[Web page caption snippets]
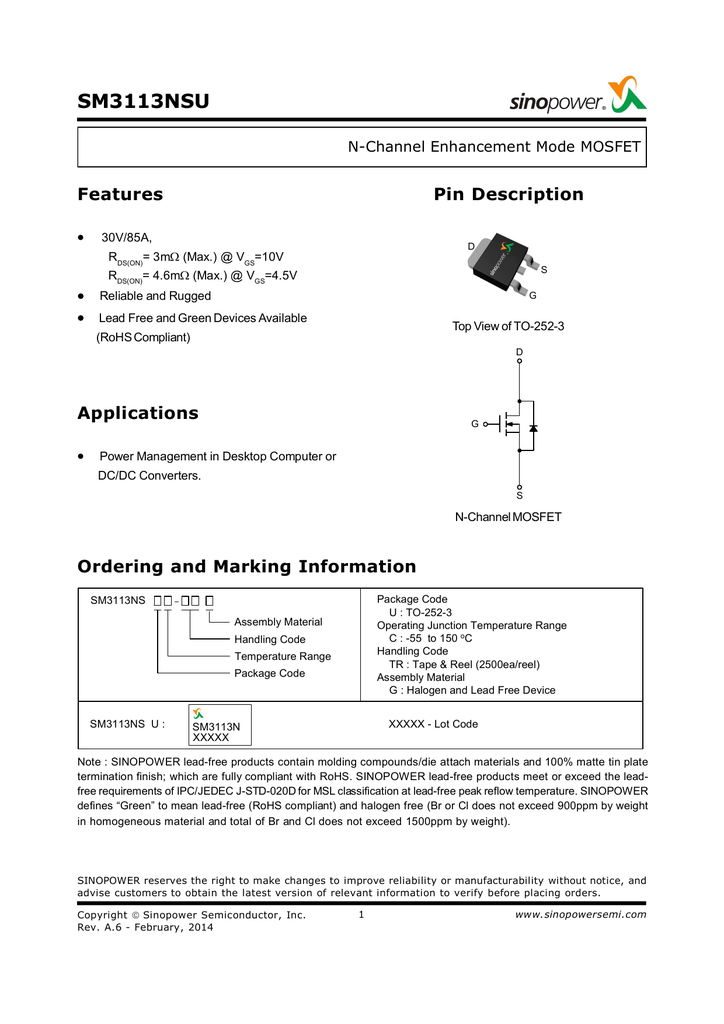 Sm3113n Manualzz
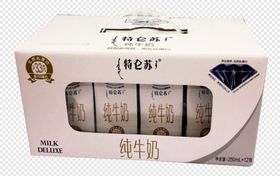 特仑苏蜂鸟系列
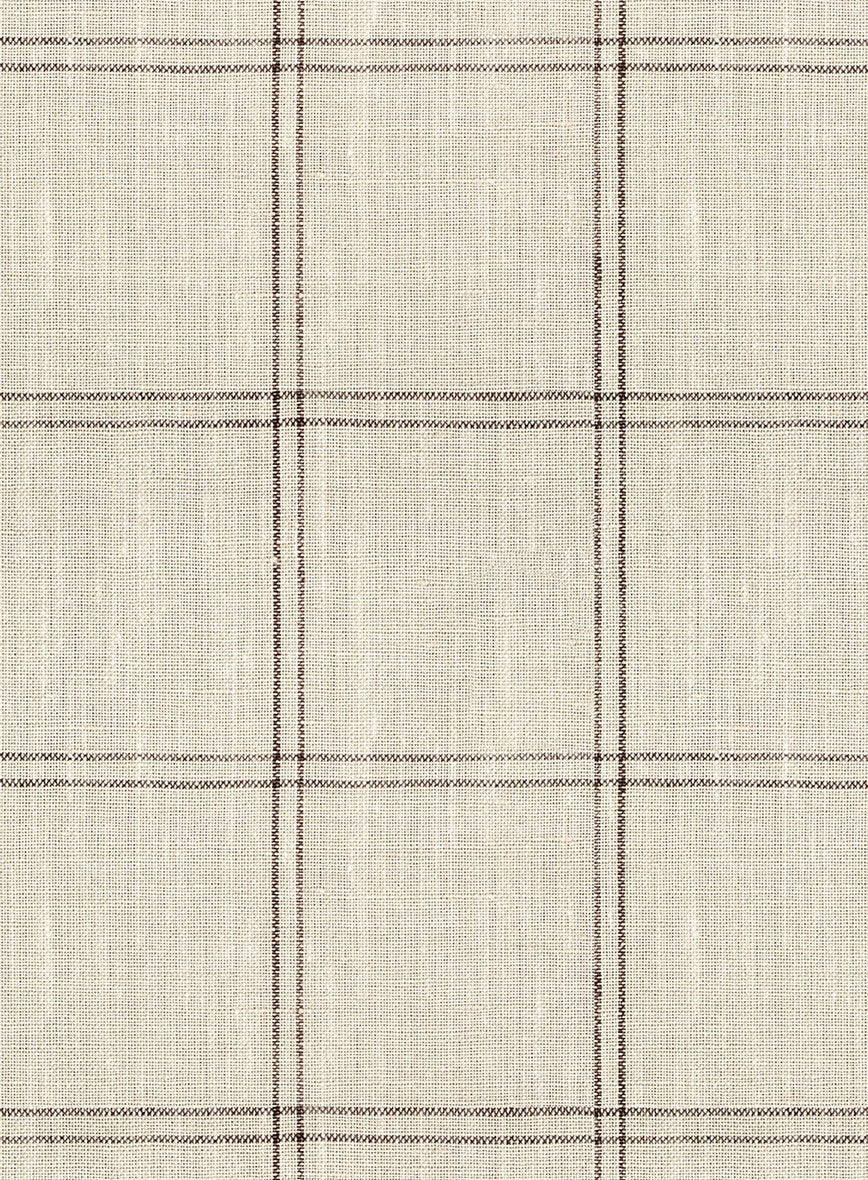 Solbiati Linen Wool Silk Otto Jacket – StudioSuits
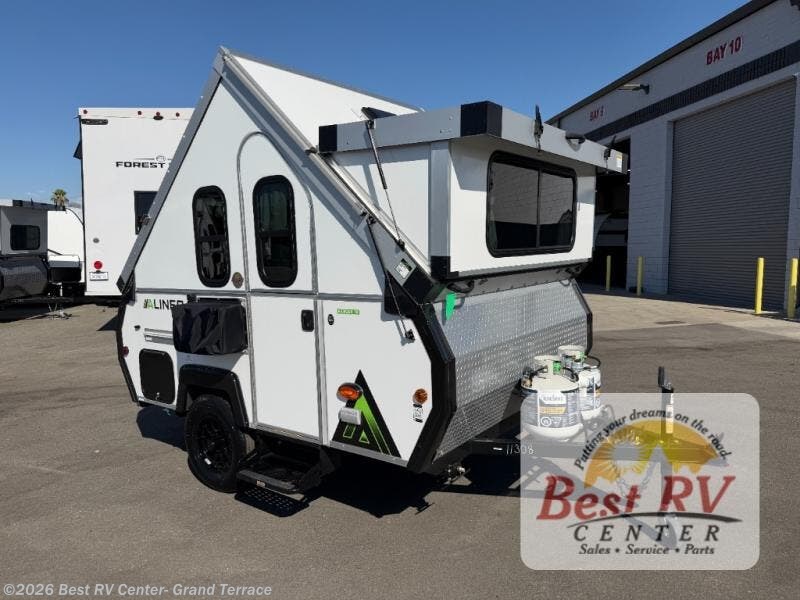 New 2027 Aliner Ranger 10 ALINER  DUAL BED available in Grand Terrace, California
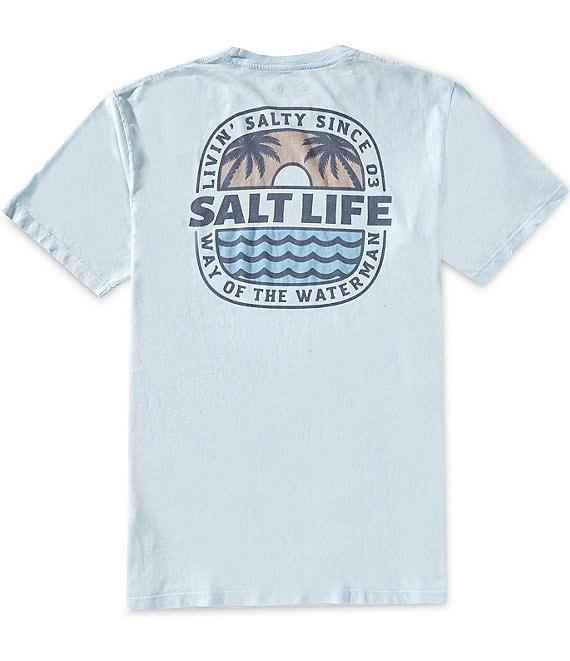 Salt Life Daily Paradise Short Sleeve T-Shirt Product Image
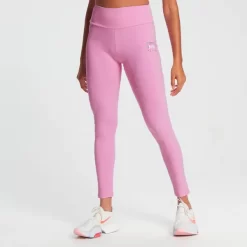 MP Retro Dameslegging - Roze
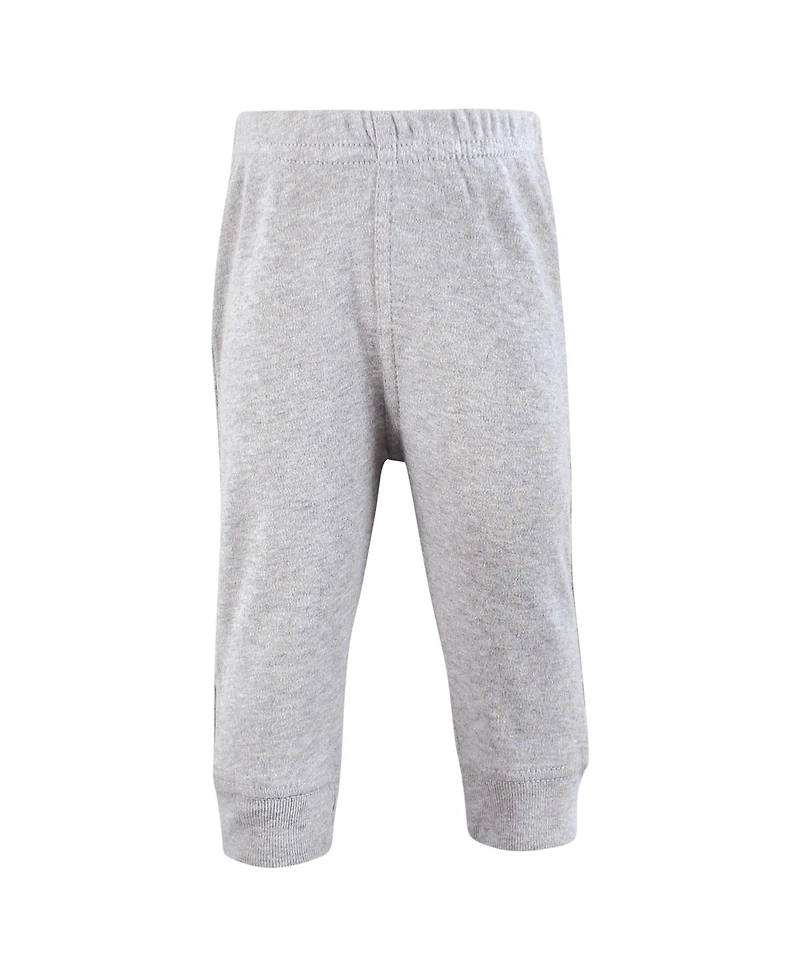 Hudson Baby Toddler Boys Cotton Pants and Leggings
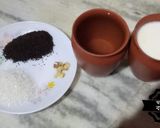 তন্দুরি দুধ চা (tandoori doodh chaa recipe in bengali) রেসিপি ধাপ - 2 ছবি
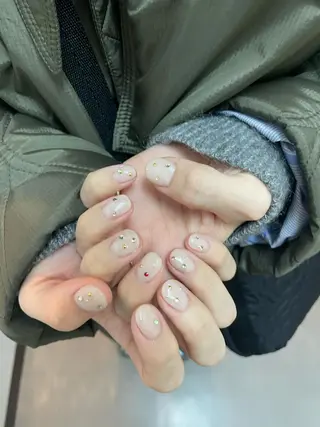 ネイル kiruna living所属・kiruna yumiのネイルデザイン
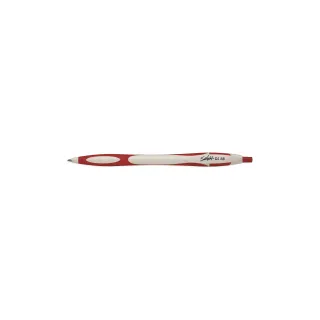 Scriva Stylo bille DJ88 0.7 mm, Rouge, 12 pièces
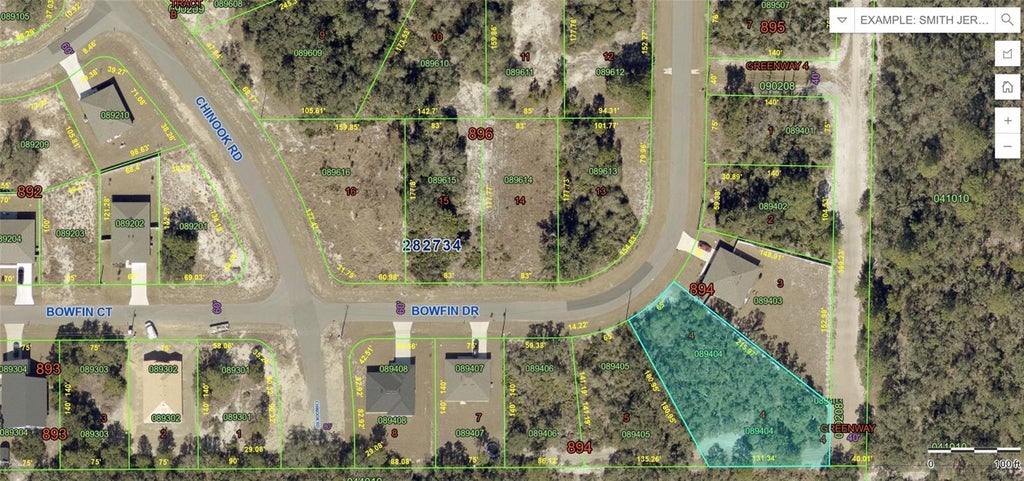 Photo of 317 Bowfin Drive, Poinciana, FL 34759 (MLS # OM733087)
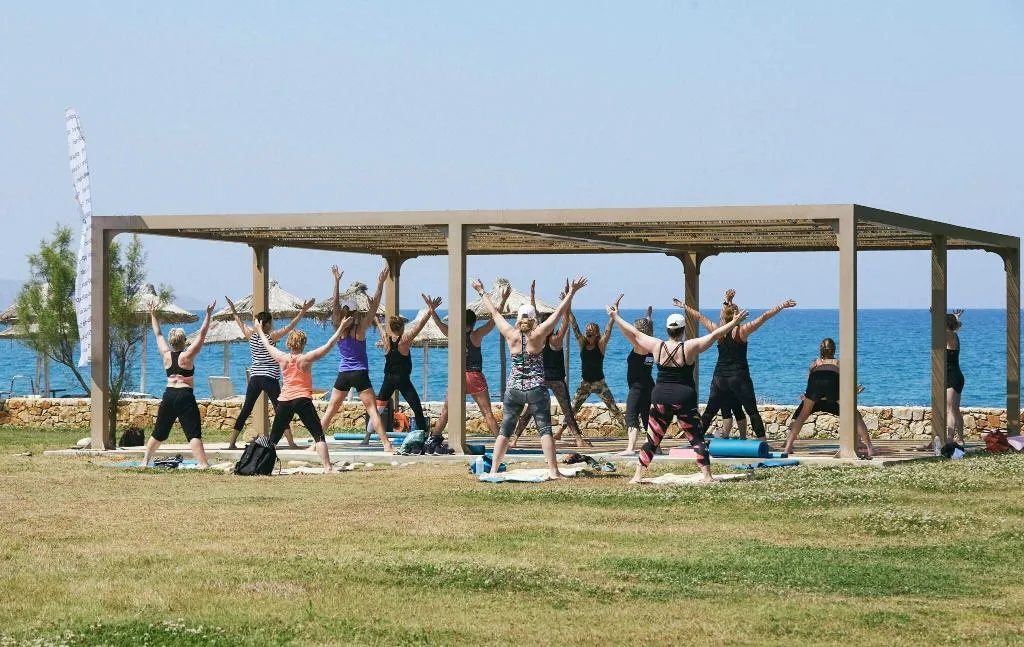Sports and Entertainment, Cavo Spada, Crete
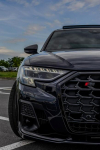 Audi S8 Baranowo - zdjęcie 6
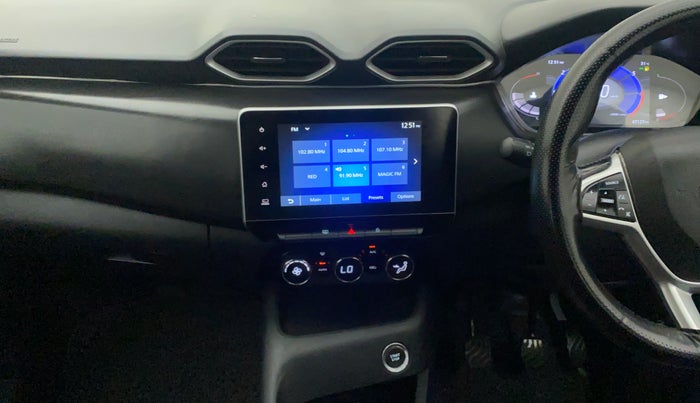 2021 Nissan MAGNITE XV PREMIUM, Petrol, Manual, 47,127 km, Air Conditioner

GOAL OF THE EXERCISE: Repeat exactly, please: transcribe each entry and leave out the pictures.

EXERCISE OUTPUT:
 Sm3113n Manualzz
 特仑苏蜂鸟系列
 Solbiati Linen Wool Silk Otto Jacket – StudioSuits
 New 2027 Aliner Ranger 10 ALINER  DUAL BED available in Grand Terrace, California
 Salt Life Daily Paradise Short Sleeve T-Shirt Product Image
 MP Retro Dameslegging - Roze
 Hudson Baby Toddler Boys Cotton Pants and Leggings
 তন্দুরি দুধ চা (tandoori doodh chaa recipe in bengali) রেসিপি ধাপ - 2 ছবি
 ネイル kiruna living所属・kiruna yumiのネイルデザイン
 Scriva Stylo bille DJ88 0.7 mm, Rouge, 12 pièces
 Photo of 317 Bowfin Drive, Poinciana, FL 34759 (MLS # OM733087)
Sports and Entertainment, Cavo Spada, Crete
 Audi S8 Baranowo - zdjęcie 6
 2021 Nissan MAGNITE XV PREMIUM, Petrol, Manual, 47,127 km, Air Conditioner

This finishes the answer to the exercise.